P R O J E C T S

Psychopathy and Bribery

Stage: Closed

Description/Highlights: 1) Expecting social sanctions does not reduce the frequency of bribe offers; 2) Variations in acceptance and detection rates overshadow the effect of expecting social sanctions; 3) Psychopathy level is associated with the frequency and probability of offering a bribe; 4) Psychopathic individuals are less self-regarding if the choice directly negatively affects another individual.

Predicting Risk-Taking

Stage: Closed

Description: Consider a lottery with two stages. The first stage has a 90% probability of winning and advance to the second stage, which has a 22% probability of winning. The prize for completing the two stages is five gold bars and zero for failing any stage. There’s also a safe alternative to the lottery that earns only one gold bar. Which of the two options will a decision-maker (DM) choose? This project evaluates the ability of utility-based models and machine learning models to predict out-of-sample observations. The project finds that subjective probability weighting models cannot sufficiently predict behavior. In comparison, a tree-based machine learning model that integrates an eye fixation metric predicts significantly better but with limitations.

AI-Induced Corruption

Stage: Data Collection

Description: Leveraging the predictive power of the best model of the eye-tracking project, this project tests the effect of human-AI interaction on the choice to bribe. Those who are predicted to bribe will receive advice from an AI agent that is meant to inhibit the behavior. Those who are predicted to not bribe receive advice that is meant to induce bribery.

LLM as Financial Analyst

Stage: Planning

Description: This project uses a group of LLM-agents to take the role of financial analysts. The agents will predict the financial performance of firms based on historical financial statements. A new set of financial statements will be presented to the agents after predictions for the year are submitted, and after learning the predictions of the human counterparts. This allows for reinforcement learning, which mimics the process human analysts learn from their individual performance relative to the crowd and the market.

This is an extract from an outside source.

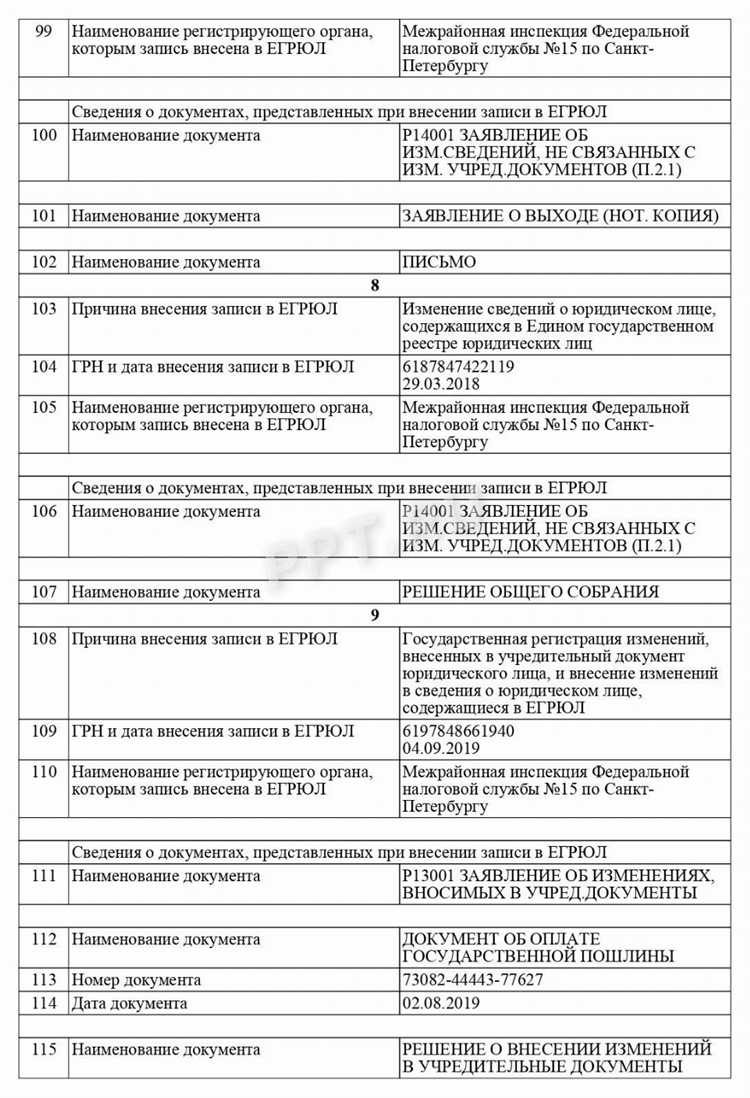Что делать в случае отказа в внесении изменений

Exploring Happiness Dynamics

Stage: Planning

Description: Focusing on SDG 3 (Health and Well-being), this project explores the dynamics of happiness and well-being in developing countries like the Philippines by utilizing a daily survey of activities and the emotions related to each activity. We aim to test how external and personal factors like socio-economic status, interpersonal interactions, state of public utilities, etc. influence variations in emotions and well-being on average.